Oleh: A. Mulhanan Tombolotutu – Badan Pengelola Badan Usaha MN KAHMI

TAHUN 1990 menjadi awal mula perjalanan saya ke wilayah Kecamatan Bungku Tengah, Kabupaten Poso, Provinsi Sulawesi Tengah. Saat itu masih empat kabupaten: Donggala, Buol Tolitoli, Poso, dan Banggai.

Kawasan Morowali dan Morowali Utara kala itu belum dikenal seperti sekarang, namun sudah terbentuk dalam tujuh kecamatan: Mori Atas, Lembo, Petasia, Bungku Utara, Bungku Tengah, Bungku Selatan, dan Menui Kepulauan.

Saya diberi amanah oleh almarhum Isman Ayub, Direktur PT Tamaco Graha Krida, untuk memegang kuasa dalam pengelolaan tata usaha kayu hasil land clearing pembukaan lahan perkebunan kelapa sawit dengan pola PIR-Trans (Perkebunan Inti Rakyat Transmigrasi).

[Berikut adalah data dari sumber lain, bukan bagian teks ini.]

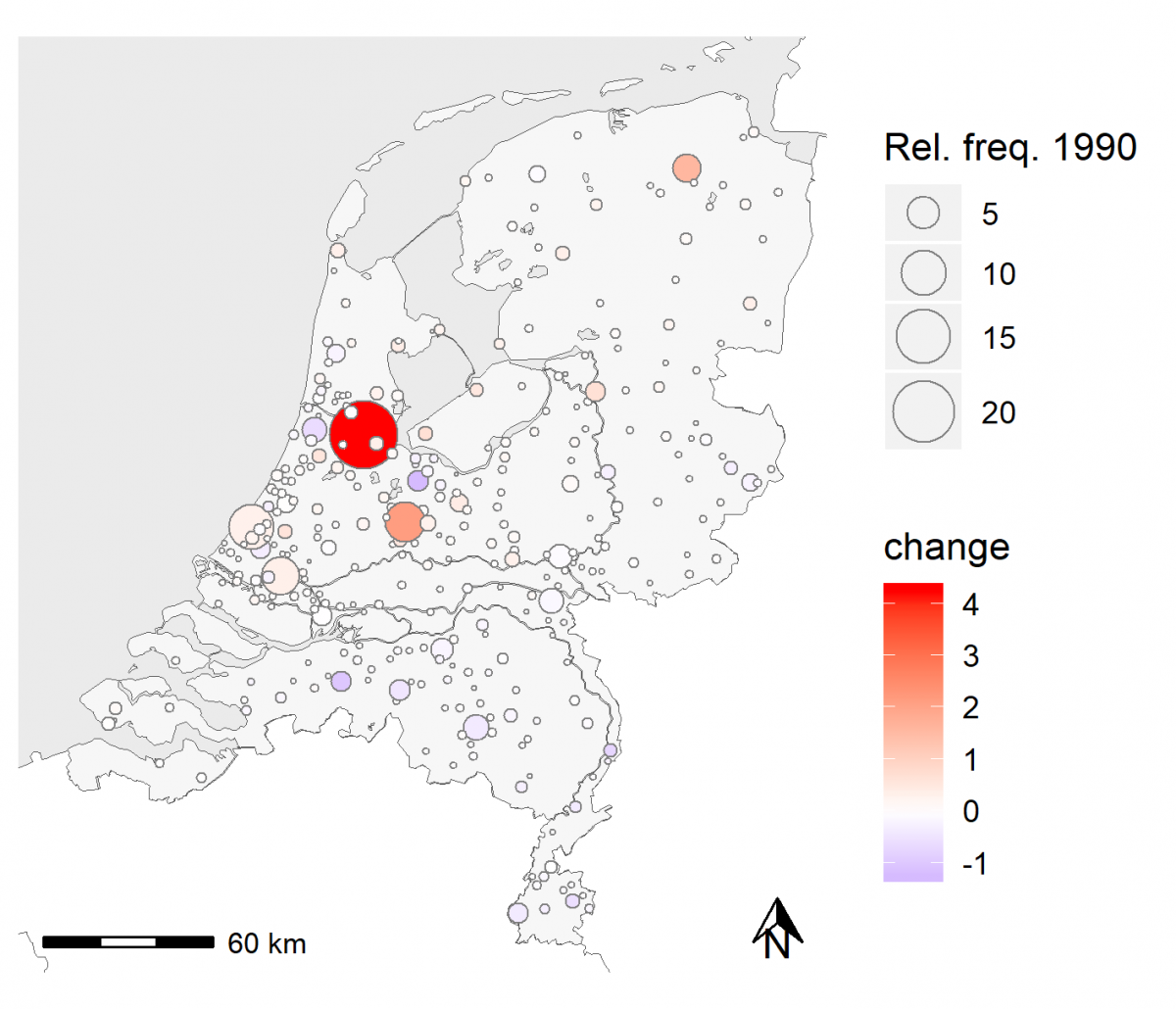 Figure 2 - Change in the relative coverage of Dutch cities in de Volkskrant 1960-1990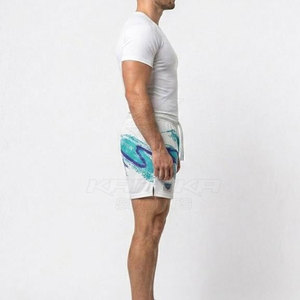 Shorts de basketball décontractés premium à taille mi-haute, 100 % coton, maille respirante, séchage rapide, avec cordon de serrage, service OEM pour hommes - Product Image 6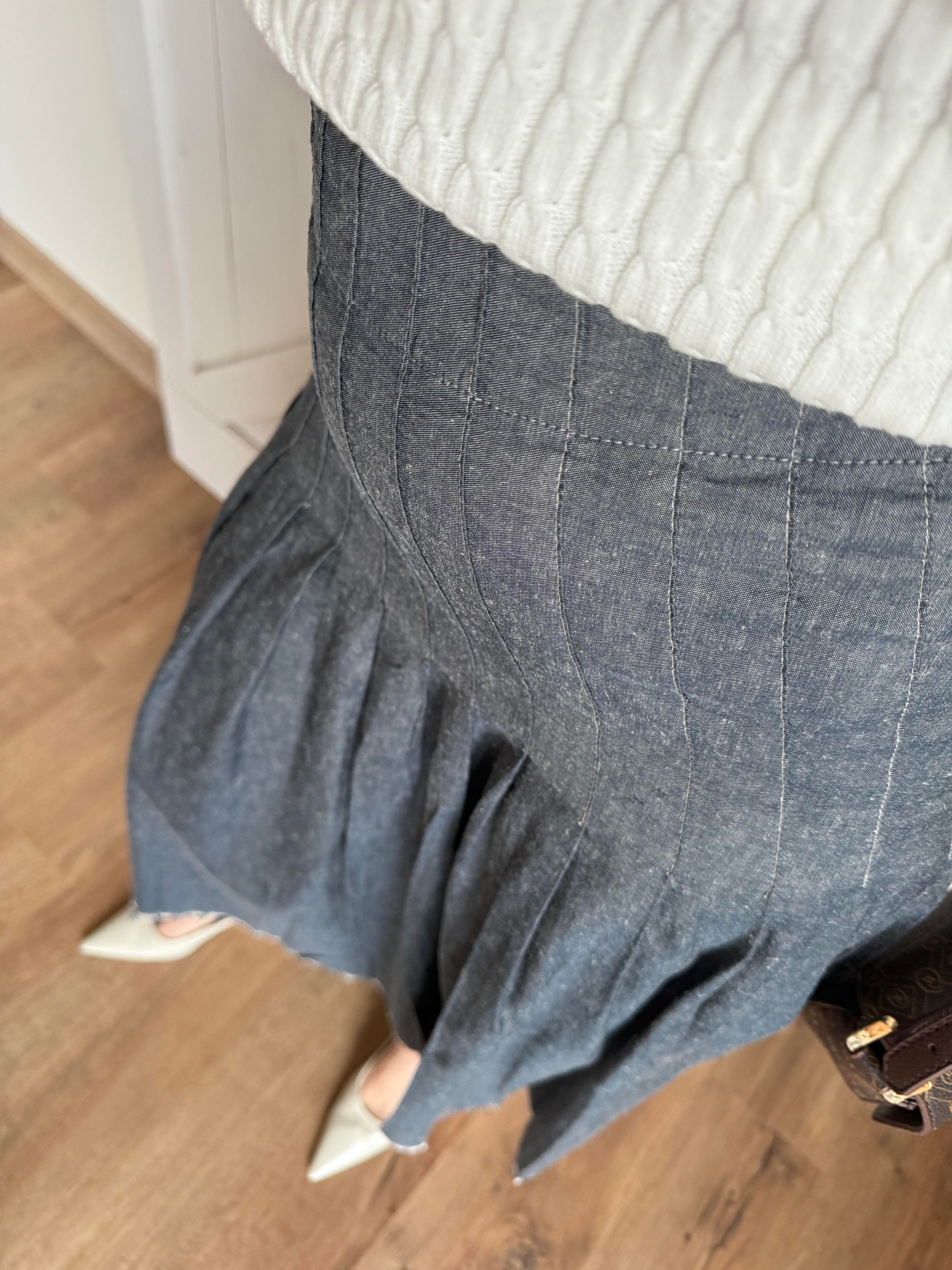 Pis Dikişli Pileli Etek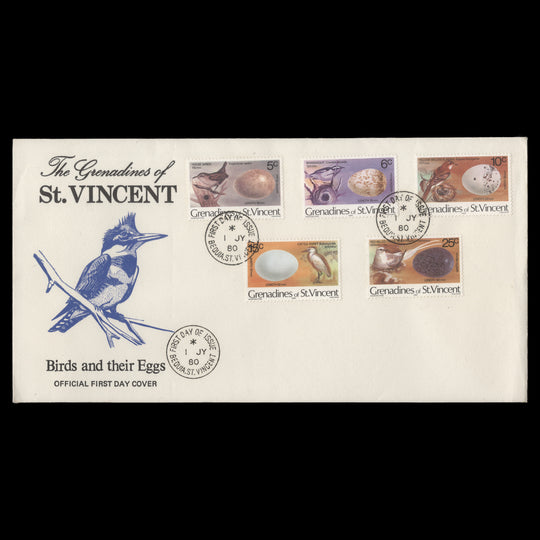 Grenadines of St Vincent 1980 Birds & Eggs first day cover, '1980' imprint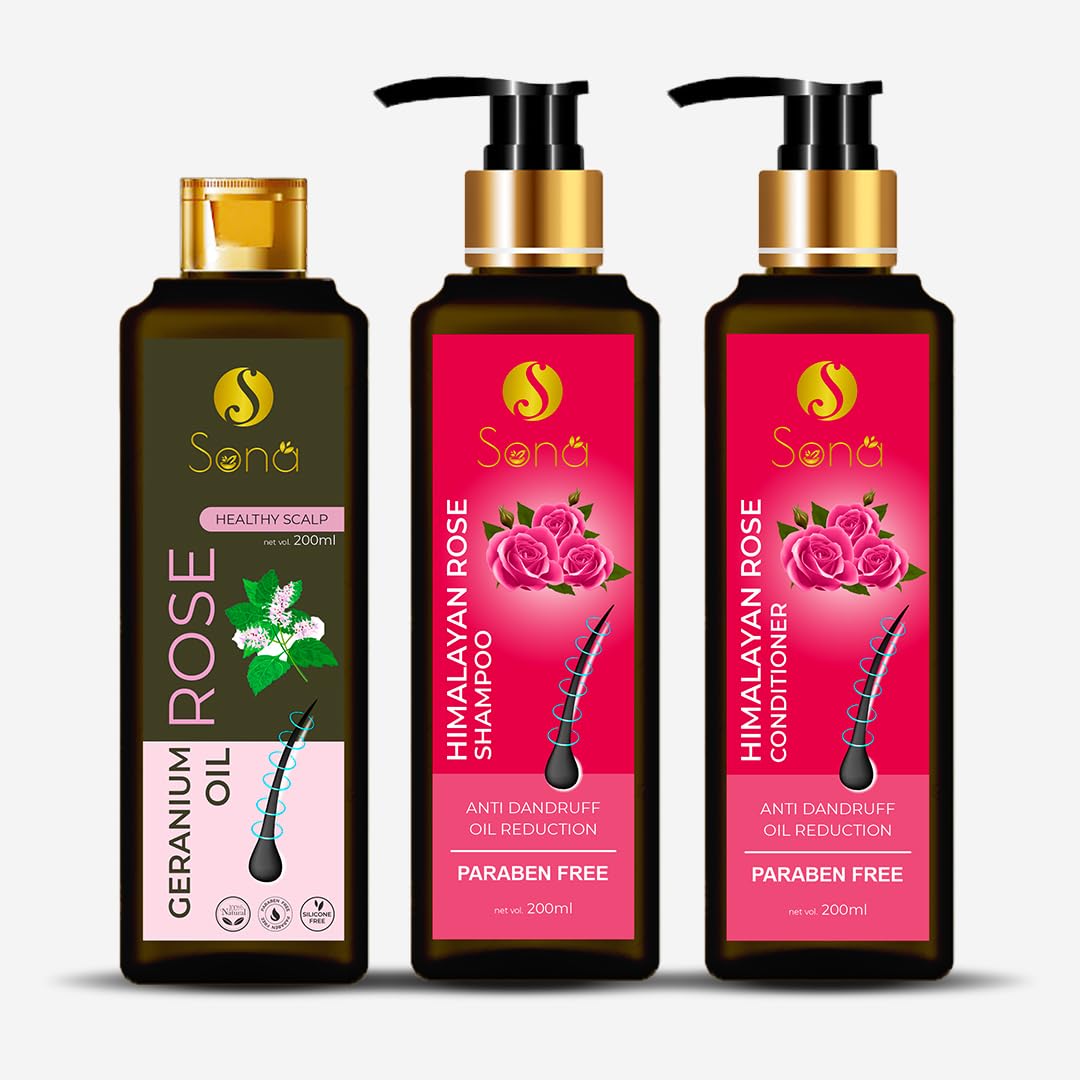 Sona Himalayan Rose Shampoo with Contioner & Ceranium Rose Hair Oil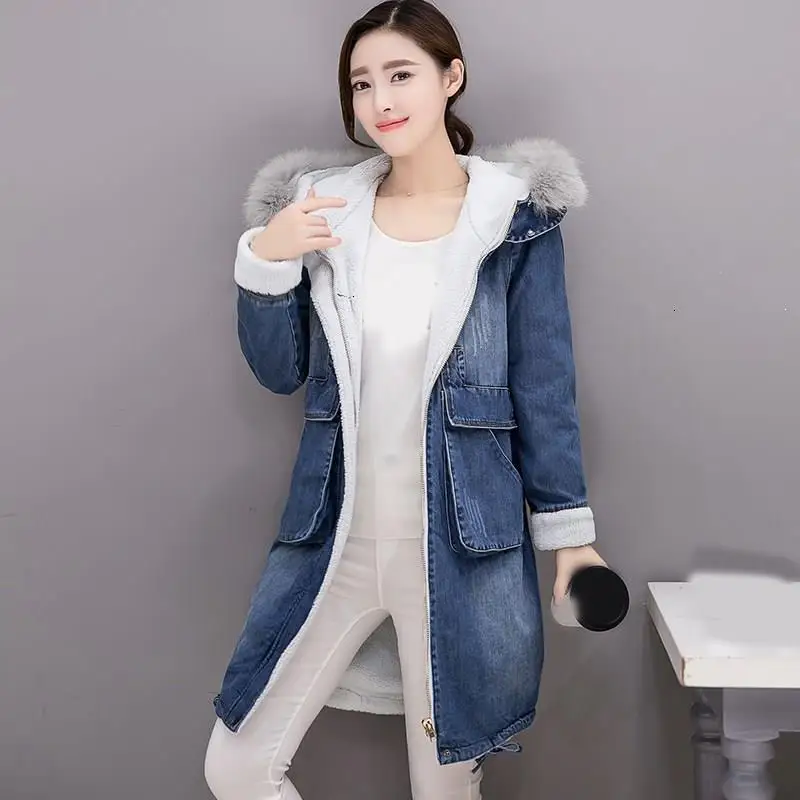 Большие размеры женские джинсовые куртки верхняя одежда Свободные теплые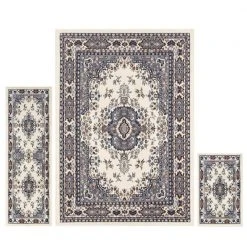 Ariana Ksara Ivory/Blue 5 ft. x 7 ft. Border 3-Piece Area Rug Set by Home Dynamix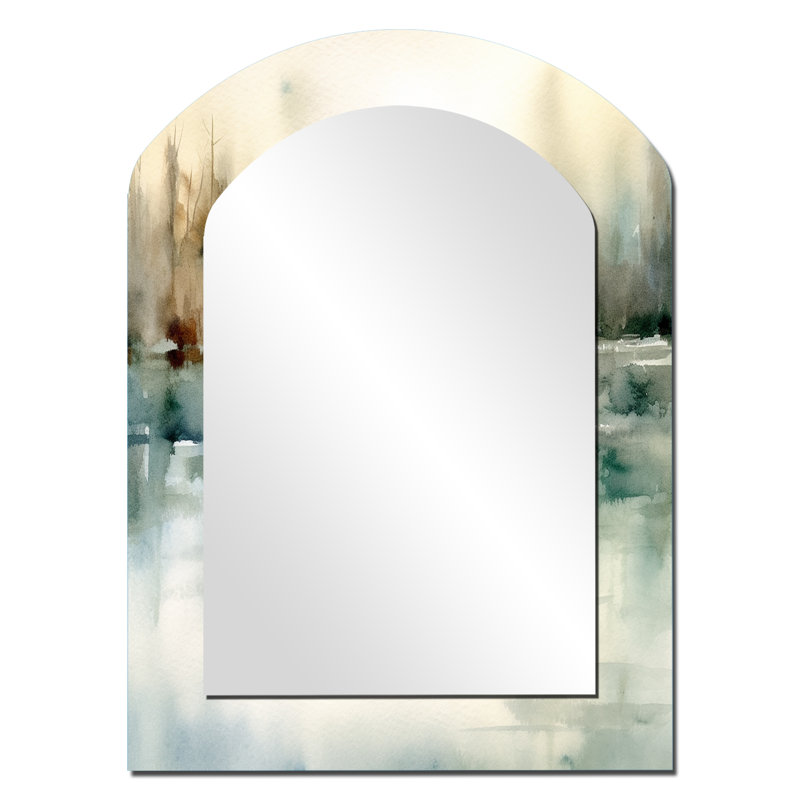 Nanteuil Ducks in Pond I - Duck Arch Mirror, White Asymmetrical Unique Wall Mirror, Printed Metal Art, 34" x 25"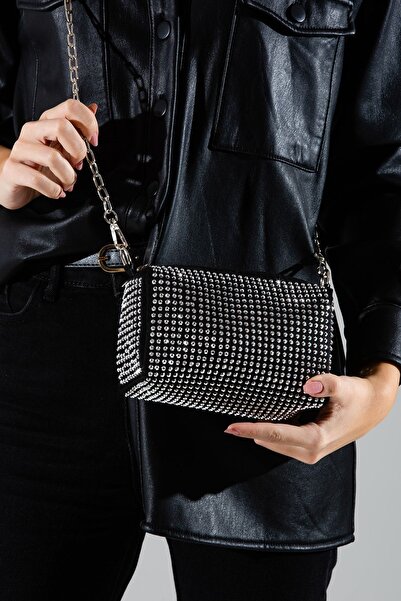 minebag Long Strap Stone Detailed Shine Women's Crossbody Bag Patterned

Izin usaha perkebunan tersebut diberikan oleh Gubernur Sulawesi Tengah saat itu, Galib Lasahido, atas areal seluas kurang lebih 10.000 hektare di Bungku Tengah.

Sebagian saham perusahaan telah diakuisisi oleh tokoh-tokoh nasional seperti Syarif C.H. Surtardjo dan Antoni Salim. Sebuah investasi besar untuk masa itu, namun bagi masyarakat setempat, kehidupan masih sangat jauh dari kata layak. Pendapatan masyarakat berada pada level yang amat rendah, dan akses pembangunan masih sangat terbatas.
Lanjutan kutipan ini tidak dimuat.